- _Prompt_
Would you copy every record exactly as it stands and drop the pictures?

- _Supplied entries_
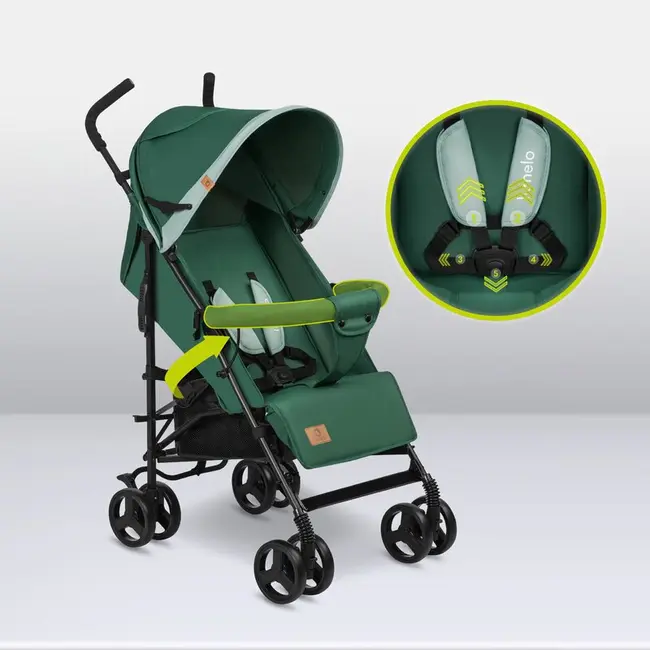 Lionelo - Carucior sport Elia, Cu husa de picioare, Cu plasa de tantari, Conform cu standardul european de securitate EN1888-1, Verde inchis BYNLO-ELIA_GREEN_FOREST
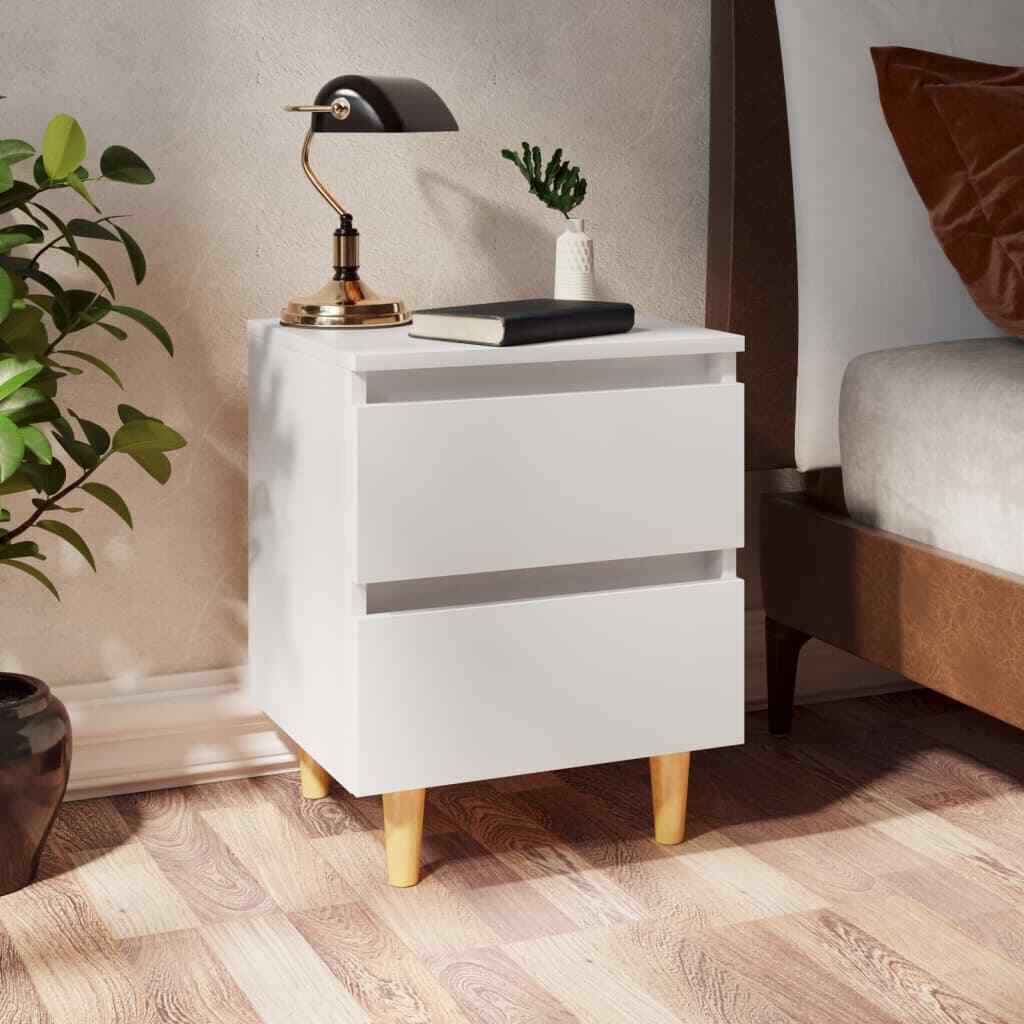 vidaXL Bed Cabinet with Solid Pinewood Legs White 40x35x50 cm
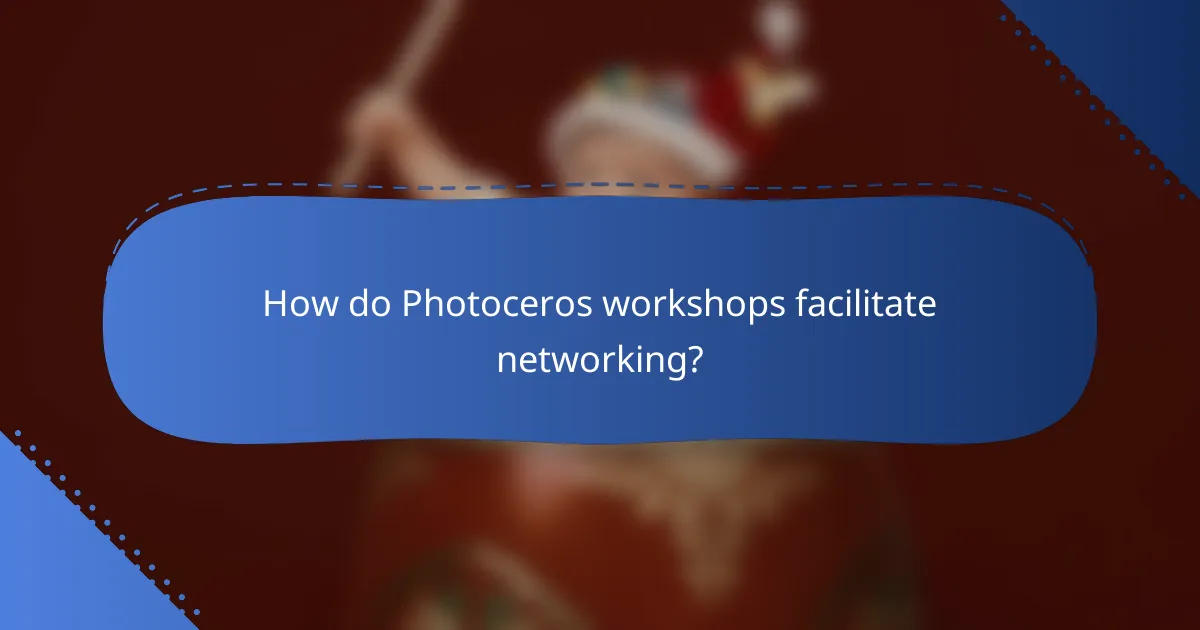 How do Photoceros workshops facilitate networking?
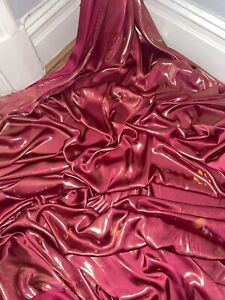 1 METER CLARET RED/GOLD SHINY SOFT SHIMMER SATIN FABRIC 58” WIDE
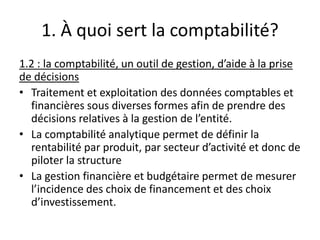 1. À quoi sert la comptabilité?
1.2 : la comptabilité, un outil de gestion, d’aide à la prise
de décisions
• Traitement et exploitation des données comptables et
financières sous diverses formes afin de prendre des
décisions relatives à la gestion de l’entité.
• La comptabilité analytique permet de définir la
rentabilité par produit, par secteur d’activité et donc de
piloter la structure
• La gestion financière et budgétaire permet de mesurer
l’incidence des choix de financement et des choix
d’investissement.
 
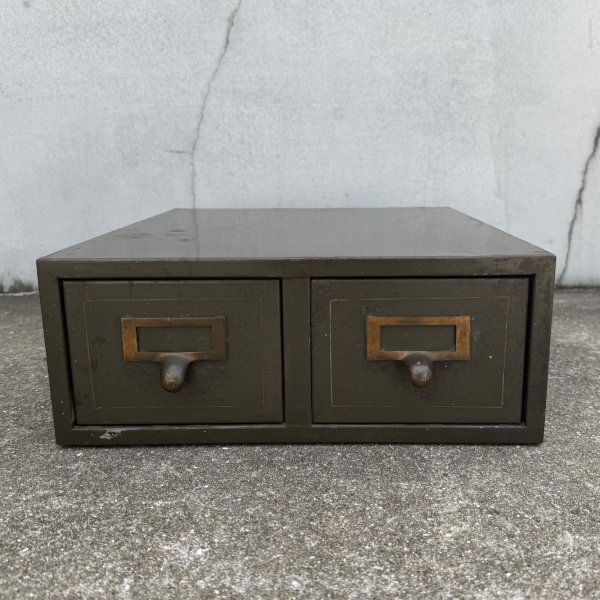 画像2: VINTAGE ANTIQUE FILE CABINET ヴィンテージ アンティーク ファイルキャビネット / インダストリアル インテリア 収納 棚 卓上 鉄 家具 店舗什器 アメリカ USA (2)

- _Result for this exercise_
 Lionelo - Carucior sport Elia, Cu husa de picioare, Cu plasa de tantari, Conform cu standardul european de securitate EN1888-1, Verde inchis BYNLO-ELIA_GREEN_FOREST
 vidaXL Bed Cabinet with Solid Pinewood Legs White 40x35x50 cm
 How do Photoceros workshops facilitate networking?
 1 METER CLARET RED/GOLD SHINY SOFT SHIMMER SATIN FABRIC 58” WIDE
 1. À quoi sert la comptabilité?
1.2 : la comptabilité, un outil de gestion, d’aide à la prise
de décisions
• Traitement et exploitation des données comptables et
financières sous diverses formes afin de prendre des
décisions relatives à la gestion de l’entité.
• La comptabilité analytique permet de définir la
rentabilité par produit, par secteur d’activité et donc de
piloter la structure
• La gestion financière et budgétaire permet de mesurer
l’incidence des choix de financement et des choix
d’investissement.
 
 画像2: VINTAGE ANTIQUE FILE CABINET ヴィンテージ アンティーク ファイルキャビネット / インダストリアル インテリア 収納 棚 卓上 鉄 家具 店舗什器 アメリカ USA (2)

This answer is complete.